If attackers breach a public-facing asset and reach a dead end – no access to sensitive systems, no valuable data, no lateral movement – then, so what? The breach had no impact. In exposure management, it’s not just about reducing breach rates – it’s about reducing the impact of breaches that do occur.

Internal Networks, Endpoints, and Applications – A Contained Front

When it comes to systems closest to the crown jewels, organizations are getting it right. They’re widely tested (48%) considered vulnerable (32%), and are seeing low breach rates (16%).

Internal networks, endpoints, and applications each rank in the top tier for pentesting activity and show comparatively low breach rates, 16% for internal networks, 13% for endpoints, and 15% for applications. All suggesting a payoff in focused effort.

These are systems that house sensitive data, power operations, and represent a clear path to lateral movement or privilege escalation. Their perceived criticality earns them a greater level of focus and attention, with layered security controls and tooling that’s more mature. It also reflects something deeper: exposure management maturity. Organizations aren’t just scanning these systems for vulnerabilities, they’re pentesting them in context, prioritizing based on potential impact, and validating to confirm that defenses hold under pressure.

API Risk – Shows Gap Between Perception and Reality

APIs sit at the intersection of business logic and backend systems. They’re essential, deeply integrated, and often overlooked, with data from the survey report indicating APIs may be more vulnerable than security teams realize.

While APIs are tested at a similar rate to internal networks (48%), they show a higher breach rate, 21%, compared to 16% for internal networks. That gap suggests a disconnect: either the perceived risk of APIs is too low, or current testing approaches aren’t revealing the full picture.

The challenge is complexity. APIs are dynamic, hard to inventory, and notoriously difficult to test well. Their attack surface isn’t just about ports or endpoints, it’s about logic flaws, broken authentication, and misconfigured integrations, all leading to attack pathways that don’t show up in a standard scan.

APIs also frequently bridge systems, whether between cloud services, third-party tools, mobile apps, and internal databases. That makes them prime targets for lateral movement or data exfiltration. And their visibility gap makes them especially attractive to attackers who understand how to move below the radar.

Closing the gap means leveling up testing, both in terms of frequency and depth. Continuous, adversarial testing of APIs is essential to expose integration flaws that traditional methods appear to be missing.

Exposure Management Shows Encouraging Signs of Alignment

The 2025 State of Pentesting report confirms what we’ve known for years – closer proximity to business risk drives sharper execution.

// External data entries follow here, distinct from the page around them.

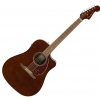 Fender Redondo Player, Walnut Fingerboard, Walnut  gitara elektroakustyczna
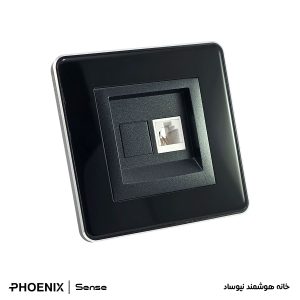 پریز تلفن سری Phoenix Sense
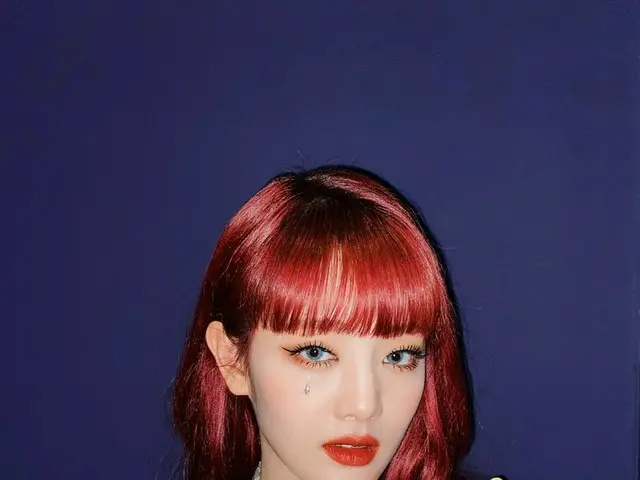 【t公式】(G)I-DLE_、[ #ミンニ]ネバーバーフォーエバー〜🥰❤️ネバーランド今日ありがとう！マクジュなのにこんなに1位作成手先〓〓本物フィネスネバー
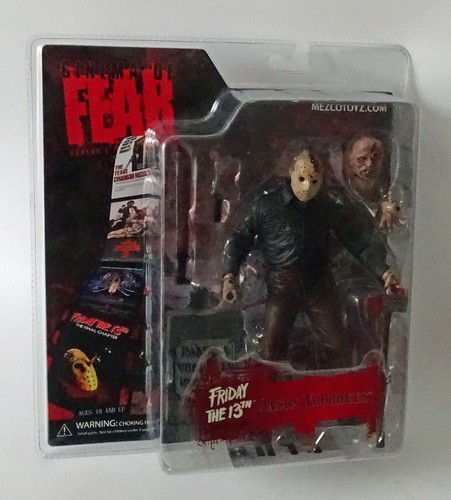 Cinema fear series friday - 1,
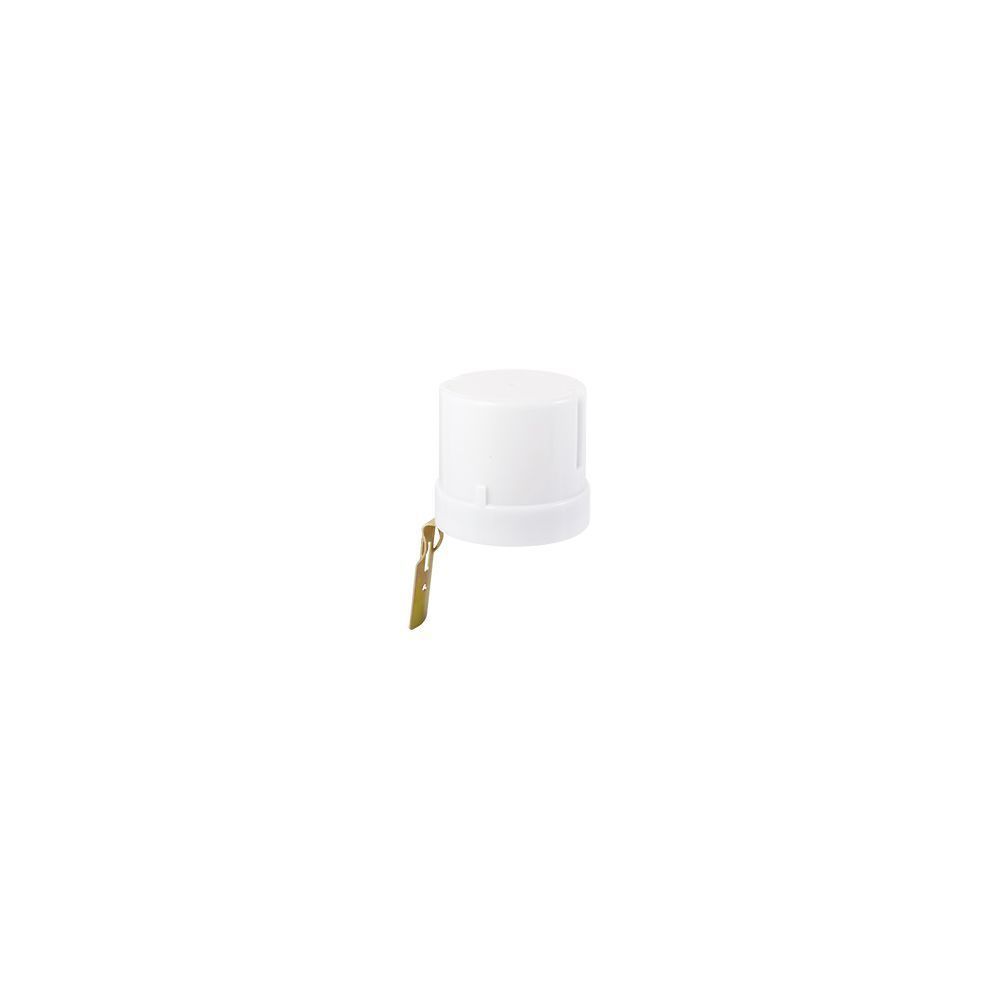 

Фотореле Jazzway PMS PR 602 5017306, Белый, 5017306 PMS PR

There’s growing alignment between perceived risk, pentesting activity, and breaches. A strong signal that exposure management practices are maturing, as teams are minimising the gap between assumed and actual risk.
The goal of exposure management isn’t to prevent every breach. It’s to prevent the ones that matter. By combining data-driven prioritization with continuous validation, security teams can focus on real exposures, not theoretical threats. Ensuring that when the attacker comes knocking, there’s nothing valuable behind that door.